----- STORED DATA -----
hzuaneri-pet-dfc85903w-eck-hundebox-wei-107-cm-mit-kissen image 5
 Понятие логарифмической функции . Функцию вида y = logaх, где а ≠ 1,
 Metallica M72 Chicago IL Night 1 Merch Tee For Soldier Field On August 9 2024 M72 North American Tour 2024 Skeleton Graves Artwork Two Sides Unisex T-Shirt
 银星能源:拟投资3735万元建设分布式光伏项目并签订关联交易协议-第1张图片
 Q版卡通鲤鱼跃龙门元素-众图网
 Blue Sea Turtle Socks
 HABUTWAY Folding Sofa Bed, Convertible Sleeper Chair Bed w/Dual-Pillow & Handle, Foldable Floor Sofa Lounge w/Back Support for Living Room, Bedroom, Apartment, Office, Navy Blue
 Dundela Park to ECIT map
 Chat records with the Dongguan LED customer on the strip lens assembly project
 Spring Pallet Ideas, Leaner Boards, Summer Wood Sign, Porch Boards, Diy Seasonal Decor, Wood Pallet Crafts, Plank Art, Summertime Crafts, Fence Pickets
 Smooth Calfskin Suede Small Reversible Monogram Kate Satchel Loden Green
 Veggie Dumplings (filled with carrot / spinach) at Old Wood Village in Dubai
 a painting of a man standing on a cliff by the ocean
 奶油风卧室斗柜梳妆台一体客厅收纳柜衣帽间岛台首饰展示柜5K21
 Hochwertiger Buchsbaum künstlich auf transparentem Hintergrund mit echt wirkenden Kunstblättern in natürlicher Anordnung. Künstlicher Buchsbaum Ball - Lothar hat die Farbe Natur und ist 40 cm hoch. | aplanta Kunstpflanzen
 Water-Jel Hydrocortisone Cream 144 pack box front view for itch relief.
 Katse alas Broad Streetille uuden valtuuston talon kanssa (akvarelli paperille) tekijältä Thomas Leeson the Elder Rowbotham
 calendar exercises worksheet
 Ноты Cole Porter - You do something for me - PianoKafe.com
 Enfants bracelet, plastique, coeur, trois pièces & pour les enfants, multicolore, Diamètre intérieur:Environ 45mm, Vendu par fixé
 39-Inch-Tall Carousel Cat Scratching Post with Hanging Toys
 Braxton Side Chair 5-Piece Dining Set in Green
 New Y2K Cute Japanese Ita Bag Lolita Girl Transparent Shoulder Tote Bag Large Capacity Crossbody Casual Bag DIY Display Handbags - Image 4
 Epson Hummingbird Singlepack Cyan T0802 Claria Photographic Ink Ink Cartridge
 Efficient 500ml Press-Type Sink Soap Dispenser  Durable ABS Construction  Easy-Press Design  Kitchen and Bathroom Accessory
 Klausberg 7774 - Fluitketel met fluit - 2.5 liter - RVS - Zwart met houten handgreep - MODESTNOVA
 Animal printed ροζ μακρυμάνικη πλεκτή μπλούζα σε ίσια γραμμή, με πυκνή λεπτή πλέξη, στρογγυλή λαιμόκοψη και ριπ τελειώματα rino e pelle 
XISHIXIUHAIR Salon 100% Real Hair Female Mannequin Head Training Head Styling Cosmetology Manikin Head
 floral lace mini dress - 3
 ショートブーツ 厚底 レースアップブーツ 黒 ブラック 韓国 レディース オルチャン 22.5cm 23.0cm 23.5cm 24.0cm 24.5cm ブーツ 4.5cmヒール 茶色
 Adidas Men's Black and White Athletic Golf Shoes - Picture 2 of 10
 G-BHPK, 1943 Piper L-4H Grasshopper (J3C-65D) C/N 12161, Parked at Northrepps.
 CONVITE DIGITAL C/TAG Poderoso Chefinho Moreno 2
-----
▶ _YOUR OBJECTIVE_: From the first line of the entries above to the line with "Chat records with", please return every line exactly, keeping both ends.

▶ _RESPONSE_:
hzuaneri-pet-dfc85903w-eck-hundebox-wei-107-cm-mit-kissen image 5
 Понятие логарифмической функции . Функцию вида y = logaх, где а ≠ 1,
 Metallica M72 Chicago IL Night 1 Merch Tee For Soldier Field On August 9 2024 M72 North American Tour 2024 Skeleton Graves Artwork Two Sides Unisex T-Shirt
 银星能源:拟投资3735万元建设分布式光伏项目并签订关联交易协议-第1张图片
 Q版卡通鲤鱼跃龙门元素-众图网
 Blue Sea Turtle Socks
 HABUTWAY Folding Sofa Bed, Convertible Sleeper Chair Bed w/Dual-Pillow & Handle, Foldable Floor Sofa Lounge w/Back Support for Living Room, Bedroom, Apartment, Office, Navy Blue
 Dundela Park to ECIT map
 Chat records with the Dongguan LED customer on the strip lens assembly project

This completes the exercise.